И он решительно двинулся к палатке, сопутствуемый своим верным Потапычем.
Глава 9
На штурм
Медленно занялась заря на востоке и, раскинувшись по небу, розовым пятном нежного румянца обдала скалы. Но не всем суждено было увидеть эту красавицу зарю.
Первый батальон Куринского полка под начальством генерал-майора Пулло и подполковника Циклаурова еще далеко до рассвета спустился в подземелье, законченное саперами этой ночью. Впереди своей роты, четко отбивающей подошвами такт по каменистой почве, энергично шагает капитан Зарубин. Он славно выспался за ночь благодаря заботам Потапыча, и ночной его тревоги как не бывало. Напротив того, какая-то необычайная бодрость охватывает теперь Бориса Владимировича. Сердце его полно уверенности в успехе дела, полно уверенности и в себе, и в своих.
«Возьмем Ахульго.
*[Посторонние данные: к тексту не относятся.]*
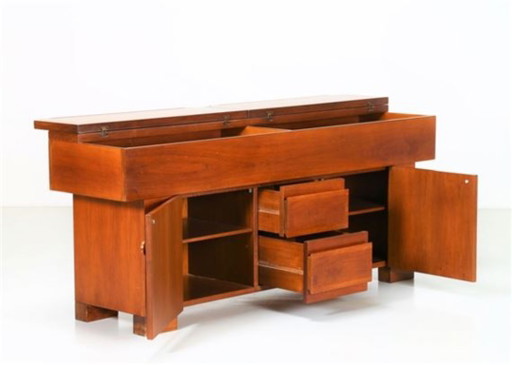 Buffet important et architecturalement raffiné de la célèbre série « Torbecchia »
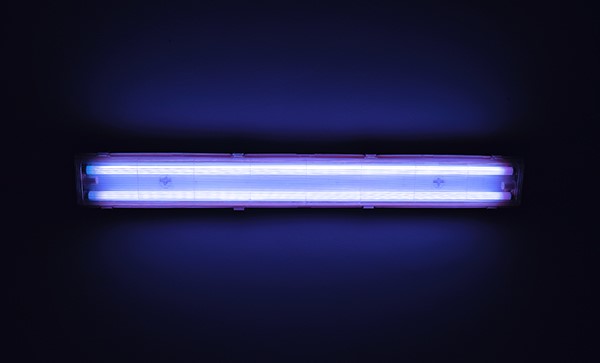 اثر لامپ UV بر عقیم سازی ویروس ها و باکتری ها
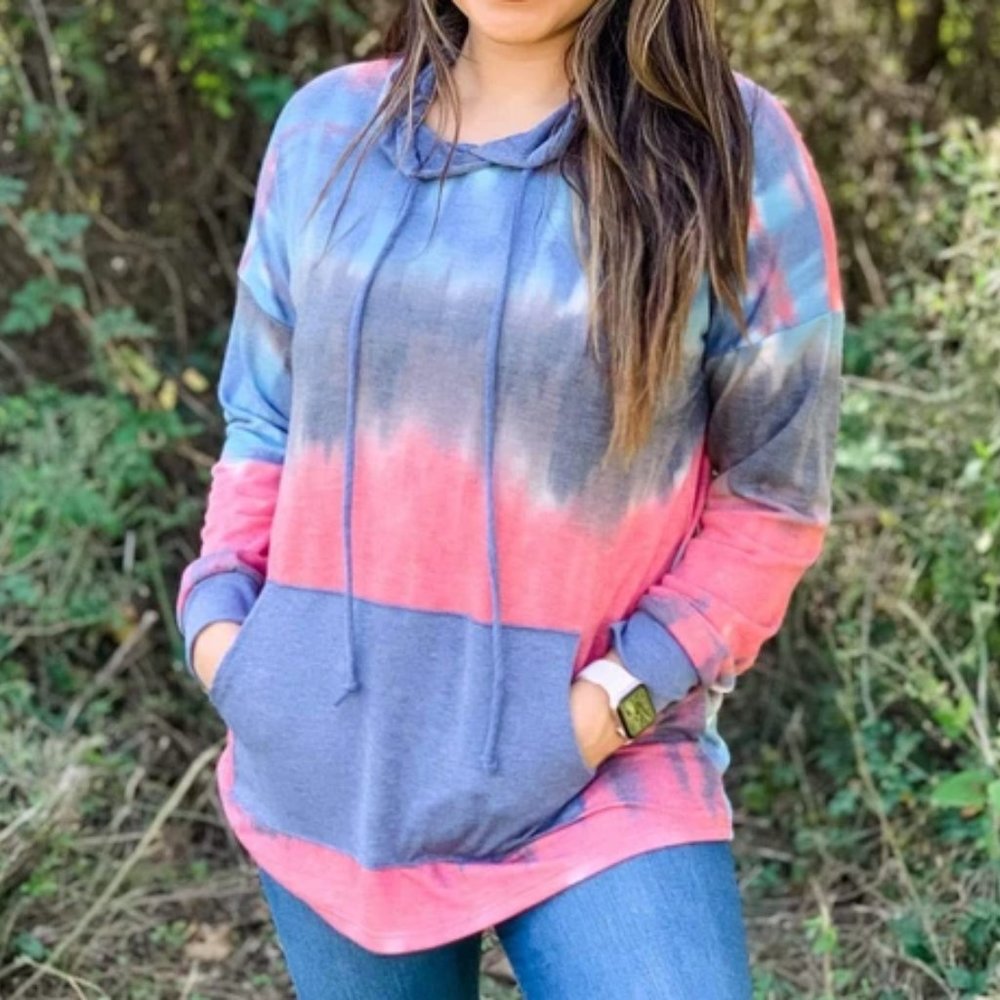 Women's Top PATRIOT TIE DYE HOODIE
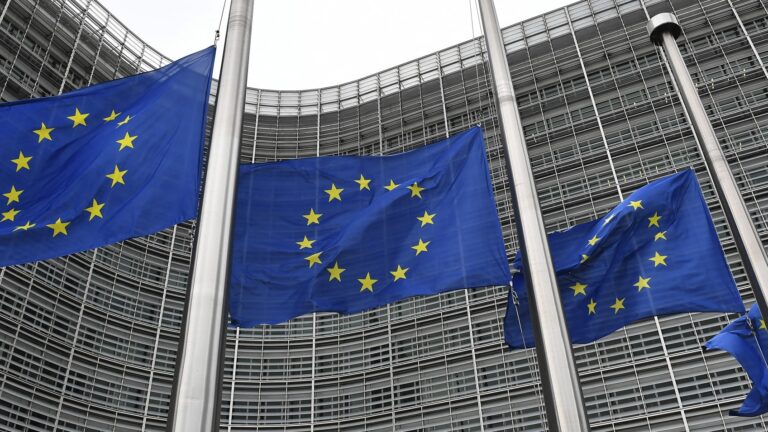 الاتحاد الأوروبي يطلق قاعدة بيانات جديدة للثغرات الأمنية (EUVD) لمواجهة التهديدات السيبرانية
Во что бы то ни стало возьмем, — настойчиво и упорно выстукивает оно. — А там конец походу, и опять в Тифлис, к ним, дорогим, милым: жене, Леночке, Мише. О, сколько новых рассказов и разговоров будет у них про гололобого Шумилку, как называет величественного имама Потапыч… Славный этот Потапыч! Верный, преданный, любящий…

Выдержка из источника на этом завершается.